Parvenus à 15 m. sous le sommet de la Médiane, 4097 m ., nous établissons notre bivouac, prévu d' avance. Le temps est toujours au grand beau, pas un nuage, légère brise du nord. Nous nous enfilons dans nos sacs de couchage en duvet et nous avons chaud.

Mais le jeudi 10 février, à 3 heures du matin, la neige commence à tomber. Une grande inquiétude nous prend. A 8 heures il y a 50 cm. de neige fraîche, et elle continue à tomber. Revenir en arrière? Impossible. Descente directe? Les avalanches nous ramasseraient sans autre! Donc il faut franchir encore l' Aiguille Carmen et le Mont Blanc du Tacul. C' est ce que nous entreprîmes des qu' il fit jour. Un rappel nous amène à la brèche entre la Carmen et la Médiane, mais la montée de la Carmen fut extrêmement difficile: neige et glace. Je mis deux heures pour faire 30 m.1 ). Suivent deux rappels, et nous sommes à la Brèche Est, 4054 m ., de l' Isolée. Nous laissons ce sommet à notre gauche et montons une arête facile jusqu' au Mont Blanc du Tacul, 4248 m. Tant que nous étions sur l' Arête du Diable, nous étions à l' abri du vent, mais la neige tombait sans arrêt. Depuis le bivouac et surtout au Tacul ce fut une lutte terrible contre les éléments dont on ne peut s' imaginer la violence. Au sommet il était 15 h. 30. Nous essayons de descendre, mais le vent est tel que nous sommes jetés à terre, le visage gelé. Continuer aurait été mortel. Impossible de respirer par le nez, je craignais de nous geler les poumons en absorbant l' air glace! Je décide donc de bivouaquer. Nous installons de suite Mlle Stagni dans un sac de couchage et nous l' attachons à un rocher. De la nuit et du froid elle n' a pas souffert. Quant à Gallay et moi, après avoir enfilé des gants, nous nous glissons dans notre sac. Mais l' emplacement, à 10 m. sous le sommet ( versant sud ), sur une vire inclinée de rochers, encombrée de neige, sans abri, était mauvais et nous empêchait de nous couvrir convenablement. Aussi souffrîmes-nous énormément.

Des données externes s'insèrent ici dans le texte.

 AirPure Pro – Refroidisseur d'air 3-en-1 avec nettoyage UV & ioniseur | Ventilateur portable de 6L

Vendredi matin 11 février le mauvais temps faisant toujours rage, nous décidons de descendre, mais nous avons la face gelée et sommes aveuglés par la neige. Il nous est impossible de marcher vent debout. Nous descendons pourtant le long d' une arête rocheuse dans l' espoir de trouver un abri... mais rien... Alors nous arrivons au Col Maudit, 4051 m. Pour descendre, le vent nous jette par terre. Nous reculons de quelques mètres et alors je trouve une crevasse qui se prête admirablement bien. Nous nous y réfugions après avoir dispose les blocs de glace les uns sur les autres en un mur, de façon à fermer l' entrée. Nous nous installons. Les vivres commencent à manquer. A l' intérieur nous avons 0°, dehors —40°. Nous étions dans l' eau dans la crevasse. Si nous sortions nous gelions. Tout ce que nous avions était mouillé. Nous nous frictionnions les pieds mutuellement. La journée de vendredi se passe ainsi.

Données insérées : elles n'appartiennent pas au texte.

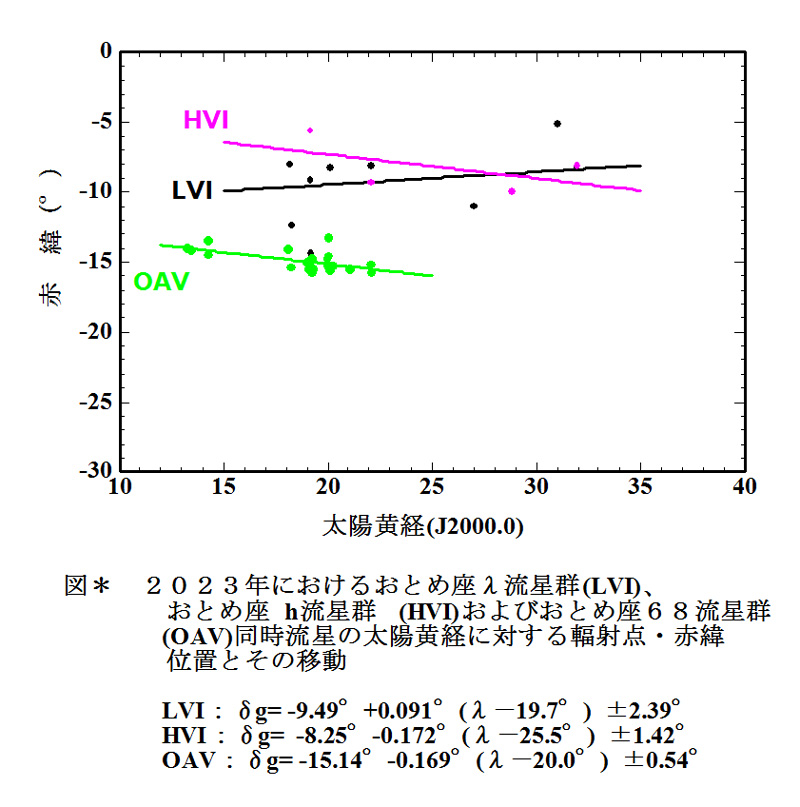 Figure 3  RP OAV 2023 DEC.jpg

Samedi 12 février, plus rien à manger, nous délirons et le dimanche 13 février, voyant que le temps s' améliorait, je tente une sortie avec mes deux compagnons, mais ils ne peuvent plus marcher. C' est alors que je leur déclare que je vais partir seul jouant la dernière carte. Ce fut pénible de les quitter, et eux de même étaient désolés de me voir partir, mais dans un dernier sursaut d' énergie je pars. Mais quelle descente hallucinante! Epuisé, gelé, torture de faim et de sommeil, comment suis-je arrivé? En quittant la crevasse, j' avais l' idée fixe de descendre coûte que coûte et où que ce soit. Personne ne peut s' imaginer ce que fut cette descente dans la tourmente qui pourtant s' apaisait, mais je voulais arriver à tout prix; j' avais laisse deux vies qui comptaient sur moi. J' ai mis sept heures en perdant trois heures dans le brouillard et ayant eu à remonter. Je retrouve la route normale et atteins le Col du Midi, de là le Col du Gros Rognon. En marchant dans la direction où nous avions laissé nos skis, j' aperçus la colonne de secours genevoise qui commençait à perdre espoir et à abandonner les recherches.

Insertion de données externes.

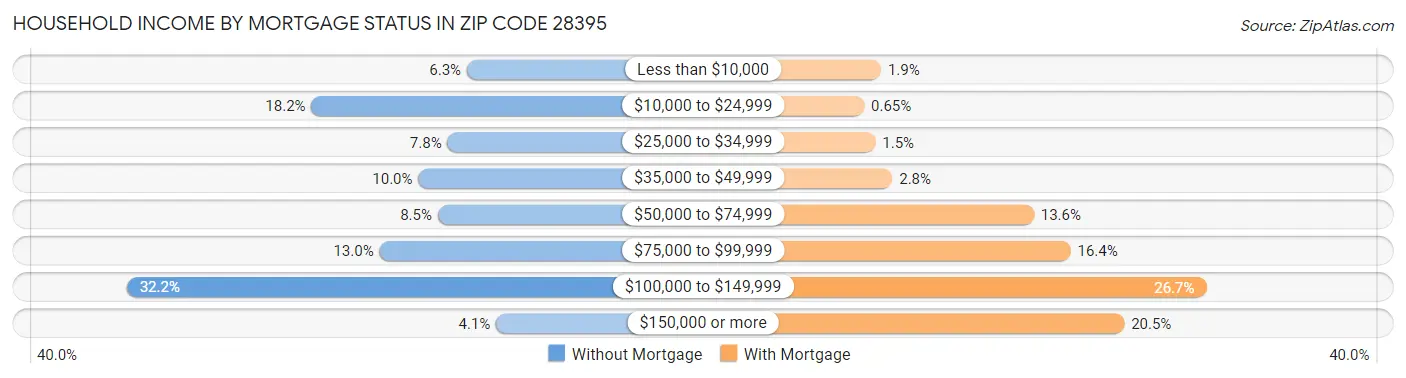 Household Income by Mortgage Status in Zip Code 28395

Rapidement ils viennent vers moi et je leur indique l' emplacement de la crevasse. Puis je descendis encore à skis jusqu' à la cabane du Requin ( et de là le jour suivant, le lundi, en traîneau jusqu' aux Tines ). Au Requin, mes dévoués camarades me frictionnent et me réconfortent. Vers les 21 heures les guides Paul Demarchi, A. Franchino et Michel Payot arrivent. Je leur donne les indications nécessaires pour trouver la crevasse; à 23 heures ils partent et arriveront à 6 h. 30 à la crevasse. Je les avais mis en garde pour leurs pieds. L' effort fourni par ces hommes, la lutte contre les éléments, le terrible froid font d' eux des héros. Arrivent encore vingt autres vaillants guides, ainsi que le Dr Ody qui me prodigua ses soins dévoués.

Lundi matin 14 février. Ils partent tous, guides et Genevois, mais hélas, plusieurs reviennent plus ou moins gelés! Les trois premiers rentrent au Requin. Ils ont ramené Mlle Stagni de la crevasse au moyen d' un brancard et l' ont remise entre les mains des vaillants camarades genevois qui la descendent jusqu' aux Tines.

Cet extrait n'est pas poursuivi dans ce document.